Former North Carolina basketball player K.J. Smith — son of two-time NBA Champion, commentator and UNC alumnus Kenny Smith — recently joined the litany of retired athletes gracing the sets of the nation’s most prominent sports outlets.
Though he's now in the network of former players turned analysts, Smith has aspirations that soar beyond carving himself out a corner in the industry.
“My long term goal is to be the best sports broadcaster that there is,” he said.
After averaging 13 minutes per game during his first season at the University of the Pacific, Smith transferred to North Carolina in 2017. He was a staple at UNC for three years, most notably starting in place of an injured Cole Anthony during the 2019-20 season.
A fan favorite, students may remember when Smith was offered the Tar Heels’ final scholarship for that season in a video that went viral on campus.
“I distinctly remember seeing the video of him getting his scholarship on Instagram," senior Kenan Sayers said. "I couldn’t have imagined a more deserving player.”
As his college career came to an end in March, Smith was faced with two options: play basketball overseas or work to become a media personality. This decision was made easier by Smith’s connections within the sports media world, namely Shannon Terry, founder and CEO of 247Sports and Rivals.com.
Smith and Terry met through the former’s startup, a virtual basketball camp called Jet Academy. From then on, Smith became committed to entering the space of broadcast journalism through Terry’s latest company — On3.com
As a national basketball analyst for On3, Smith flew between Atlanta, Los Angeles, Miami and Las Vegas this summer evaluating the best AAU recruits the country has to offer.

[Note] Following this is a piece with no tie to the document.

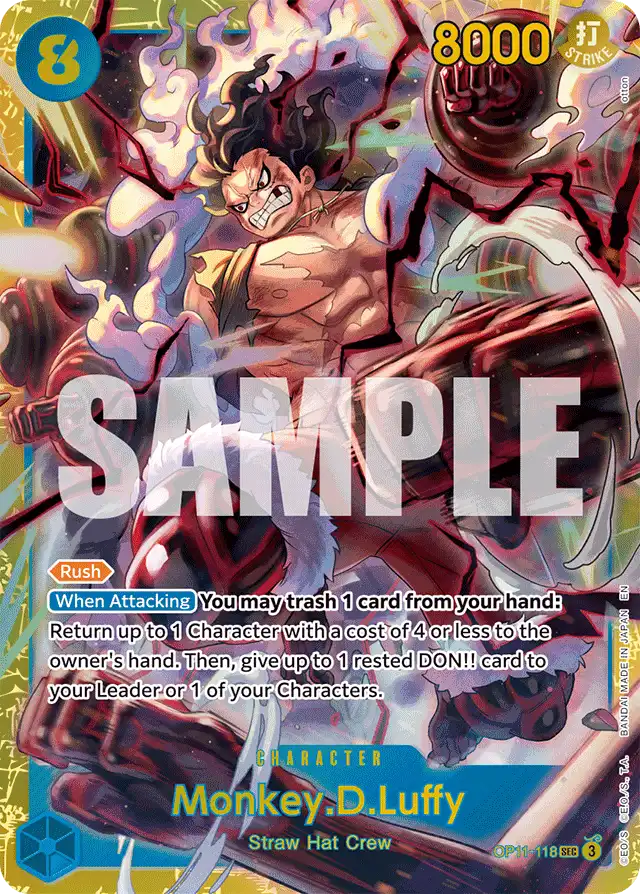 Monkey.D.Luffy (OP11-118)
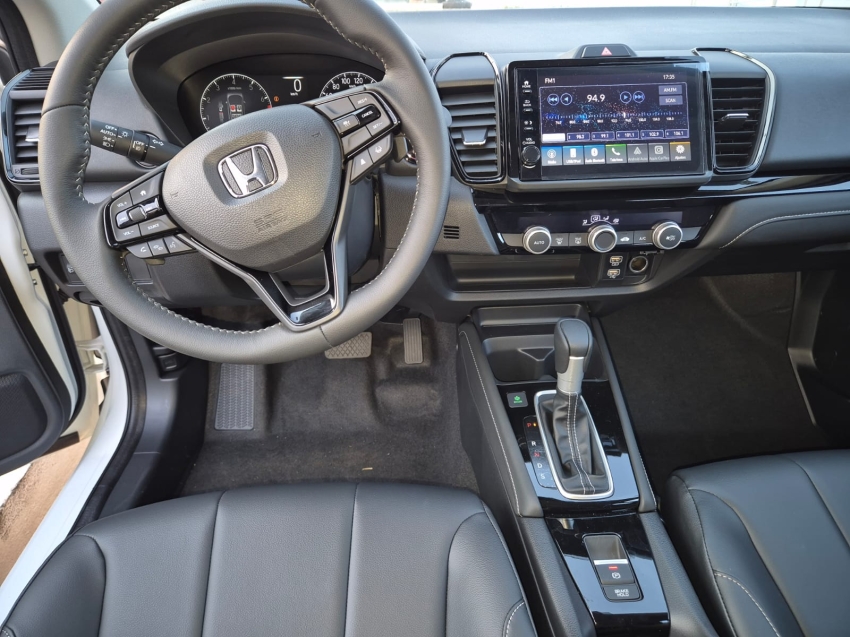 honda new city hatch exl 1.5 aut flex 5p automatico 20265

He also met Joe Tipton, known amongst division one hopefuls for his player commitment graphics. The two started a podcast called “The And 1 Show with KJ and Joe,” where they delve into any topics related to college basketball recruiting.
“It’s a great angle because one, I played, and two, now being outside of basketball, I know that there are interesting aspects of these player’s lives that people should know,” Smith said.
Smith's own experiences, Tipton said, makes him an ideal person for this venture.
“KJ brings a great deal of knowledge about the game of basketball, having played it and been around it his entire life," Tipton said. "He’s built key relationships and is connected well throughout the sport.”
Most often, athletes transition into the world of journalism in their twilight years as a natural continuation of their career in sport.
But Smith, now 25, sees his relatively young age as an advantage.
Being no more than 10 years older than the prospects he scouts, Smith has the benefit of being more in-tune with the realities recruits face in the social media age.
And with youth, experience and ambition on his side, it's no surprise that Smith is shooting for the moon.
“I have a younger start than others, many guys my age continue to play but I got into this instead," he said. "I want to be well-known, I want to be up there with guys like my dad and Stephen A. (Smith). Why not?”